Problem to solve: Leave out all pictures. Extract exactly the lines from the one containing "El cerco de" through the end of the data.

Extracted data:
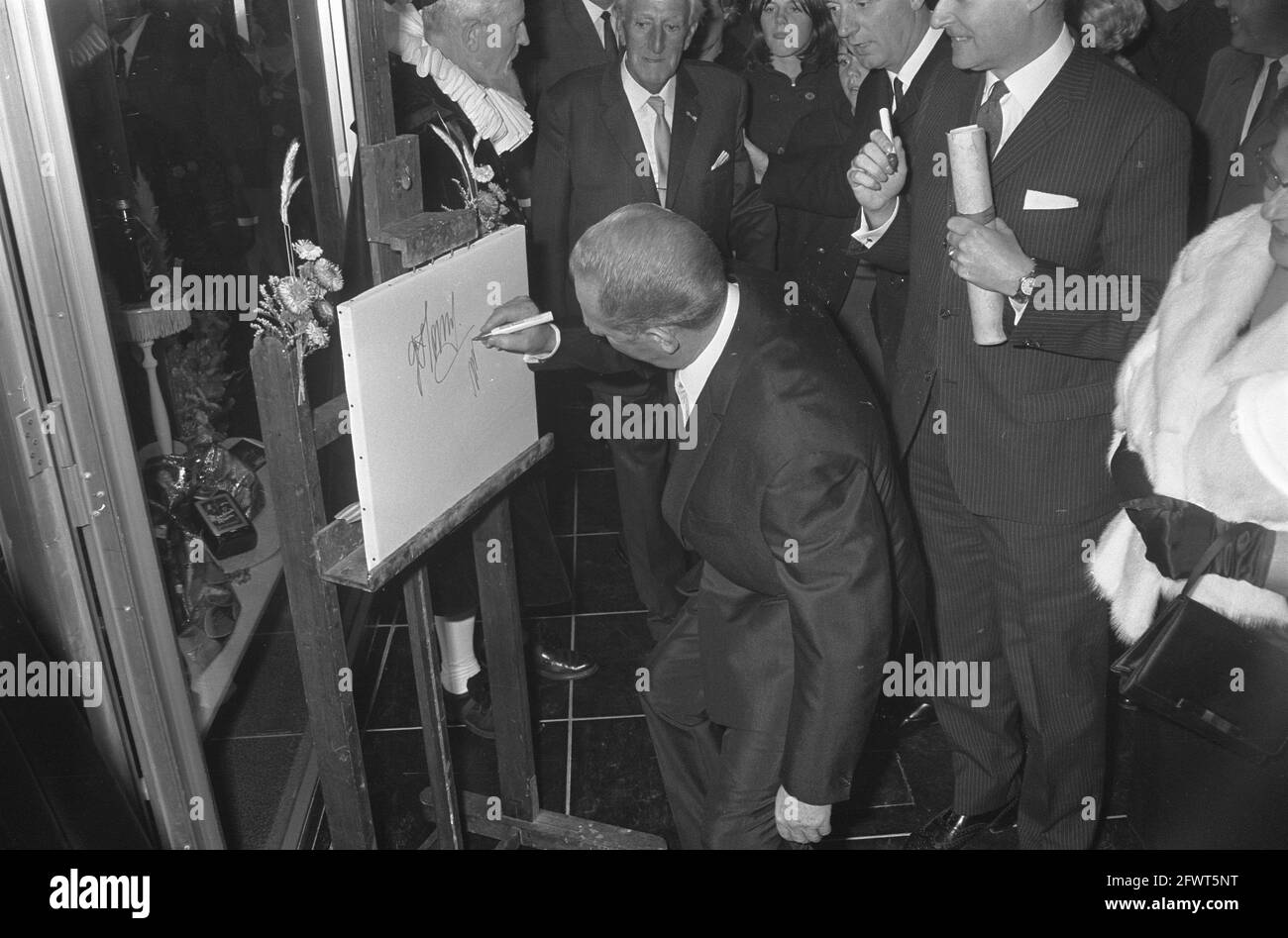 Nuova galleria di negozi su Rembrandtsplein. Un ritratto vivente di R. Nachtwacht era presente, 20 ottobre 1967, Gallerie dello Shopping, Paesi Bassi, foto agenzia stampa del xx secolo, notizie da ricordare, documentario, fotografia storica 1945-1990, storie visive, Storia umana del XX secolo, che cattura momenti nel tempo Foto Stock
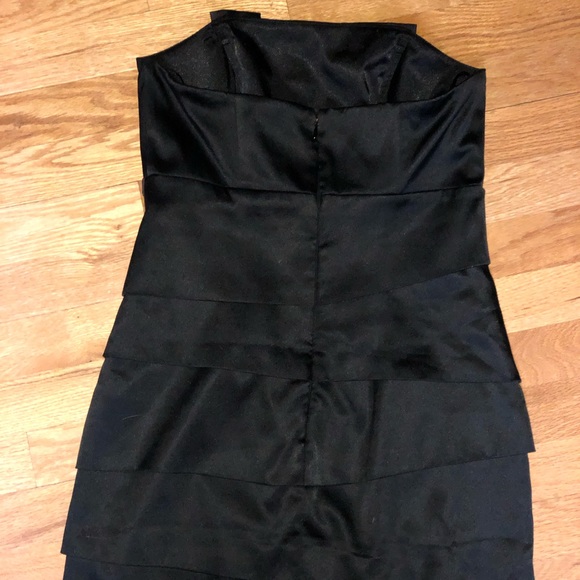 White House | Black Market Formal Strapless Dress - Picture 6 of 8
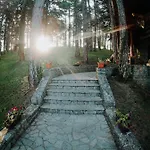 Gasthof Prenociste/restoran Lovac Bihać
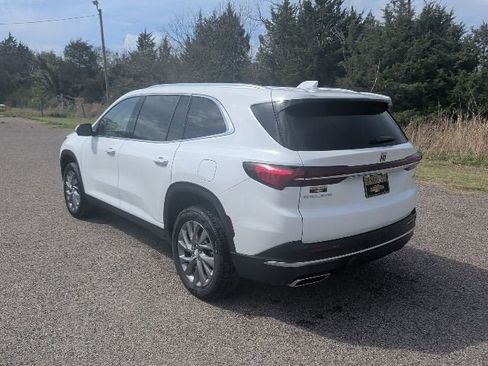 Certified 2025 Buick Enclave Preferred FWD image 3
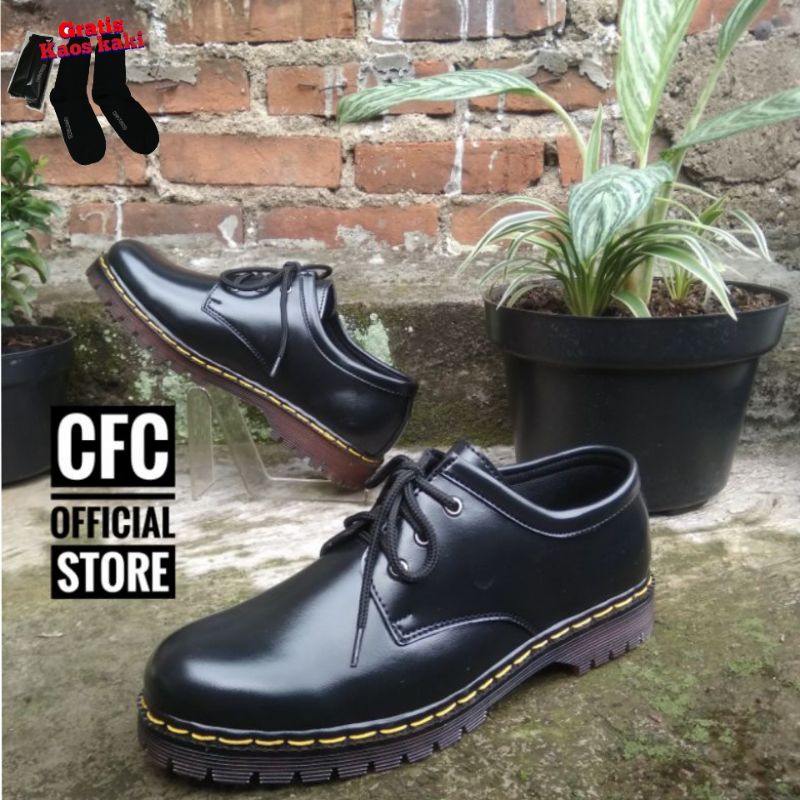 Sepatu Docmart Pria Low Boots Hitam Loafers Pormal Tali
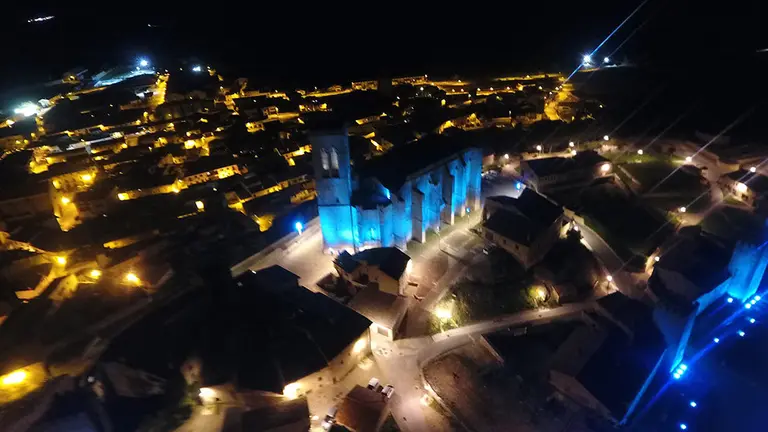 El cerco de Artajona, iluminado de azul por el Día Mundia por la Concienciación del Autismo. Foto: ANA
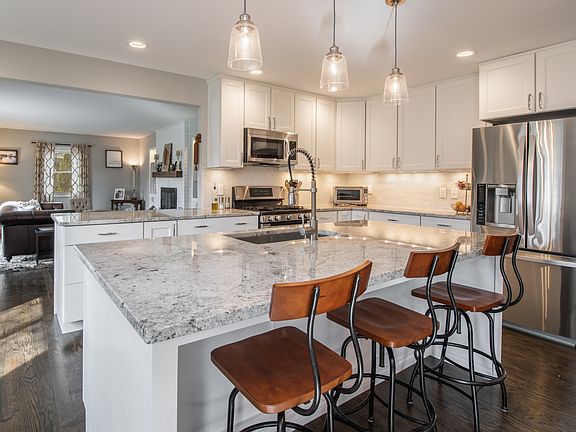 3rd image of 6521 N Alberta Ct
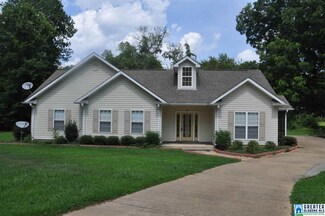 424 8th Ave SW, Childersburg, AL 35044
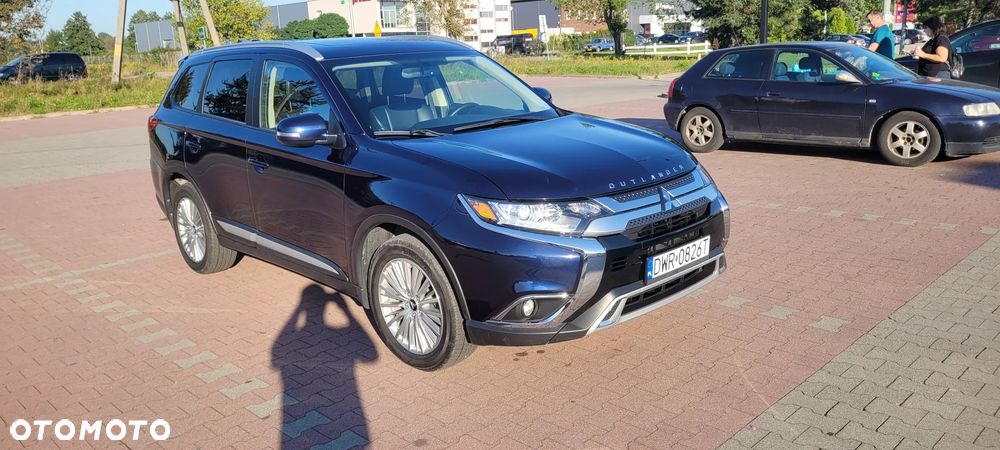 Mitsubishi Outlander 2.4 4WD CVT Intense - 3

Exercise output:
 El cerco de Artajona, iluminado de azul por el Día Mundia por la Concienciación del Autismo. Foto: ANA
 3rd image of 6521 N Alberta Ct
 424 8th Ave SW, Childersburg, AL 35044
 Mitsubishi Outlander 2.4 4WD CVT Intense - 3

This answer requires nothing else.